Terry Debassige, in his remarks to the Kairos-organized ‘Making it Matter’ event in Mindemoya last Saturday drew some interesting analogies concerning the relinquishing of control over vital national resources in the context of Canada’s first people’s experiences with colonizing forces.
Mr. Debassige, of M’Chigeeng, is an expert on the treaties that established the original boundaries of the first nations communities, “reserves,” in our region and that also set in place the relationship between the First Nations people of Manitoulin and area and the federal government, acting on behalf of Canada’s head of state, the Queen (or King) of Great Britain.

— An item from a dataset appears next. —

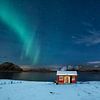 Rote Hütte im Schnee und Polarlicht von Tilo Grellmann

It was through treaties such as those of 1836, 1850 and 1862, in this area, that First Nations people agreed to relinquish the vast majority of the land on which they had traditionally lived, hunted and fished, buried their dead, in return for a modicum of security from the Queen/King, delivered by the Government of Upper Canada and, after 1867, by the Canadian government.
Mr. Debassige was commenting on the proposed takeover of a large Canadian oil and gas firm, Calgary-based Nexen, by the China National Offshore Oil Corporation for $15.1 billion.

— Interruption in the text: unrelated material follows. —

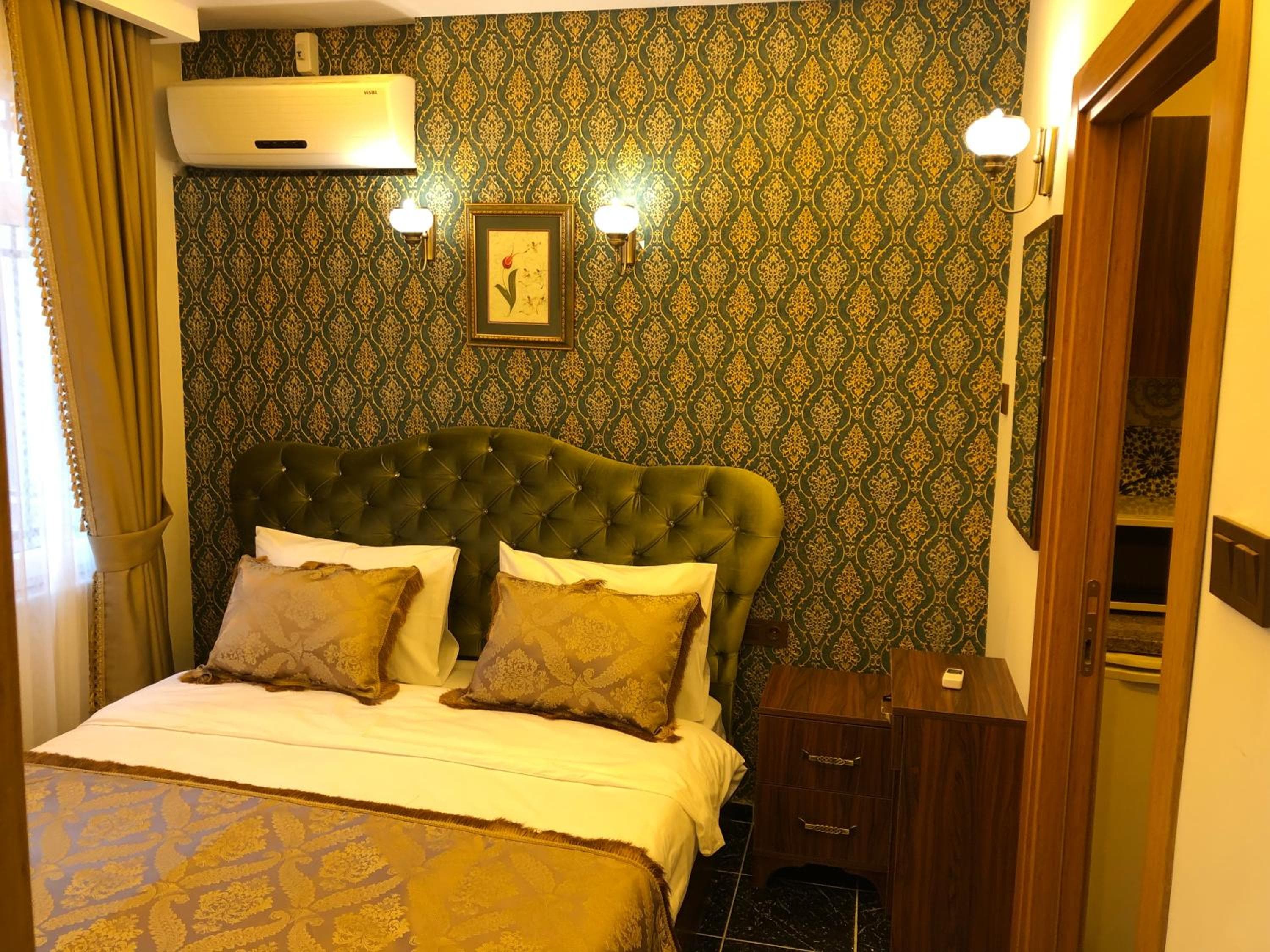 Rose Mansion by Otantik Suites, Istanbul, photo 5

Nexen is a player with resources in, among many other properties, the Athabaska Oil Sands in Alberta and so can be readily seen as a Canadian company that controls a substantial share of a natural resource that is vital to Canada’s self-interest.
Mr. Debassige was, essentially, casting China in this particular situation as a current-day colonizing agent that seeks resources it cannot supply at home as a way of enriching its own homeland.

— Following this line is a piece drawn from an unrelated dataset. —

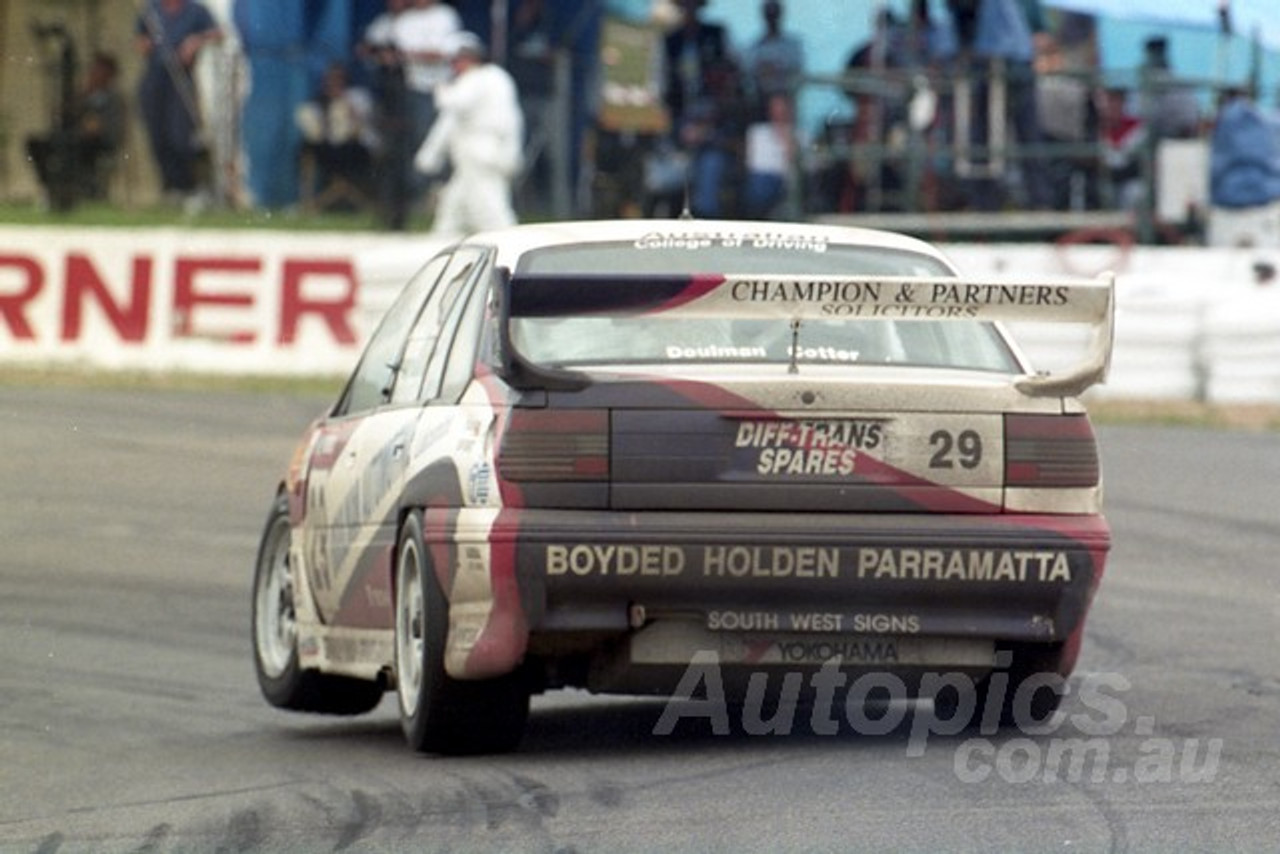 96789 - PETER DOULMAN / JOHN CODER - Commodore VP - AMP Bathurst 1000 1996 - Photographer Marshall Cass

This certainly strikes a note and Mr. Debassige’s perspective is clear: after 1759 and the British defeat of the French at the battle of the Plains of Abraham at present-day Quebec City, all of the land that is now eastern and central Canada with its vast resources was available to Great Britain. They used this vast territory to create enormous wealth in Great Britain. The same thing was going on in India, the West Indies and much of the southerly portion of the African continent at the same time.
The oil and gas reserves that Nexen has in this country, Mr. Debassige implied, are analogous to the fur pelts, the timber and the minerals, the extraction and sales of which 250 years ago created far more economic benefits to the extracting agents (the British) than they were to the majority of the population of this country at that time (the First Nations).
Mr. Debassige’s warning was simple: do we really want to be handing over control of some of the earth’s most prized resources, energy fuels, to a foreign power, especially one whose business practices and human rights records are questionable?
Precisely because of the nature of the resources over which Nexen has control, the federal government has the hammer with respect to the approval for the takeover it will either grant or deny. It is encouraging to read that the government in Ottawa is taking at least a month to consider and balance the gains and losses to all Canadians should such a deal be allowed to proceed.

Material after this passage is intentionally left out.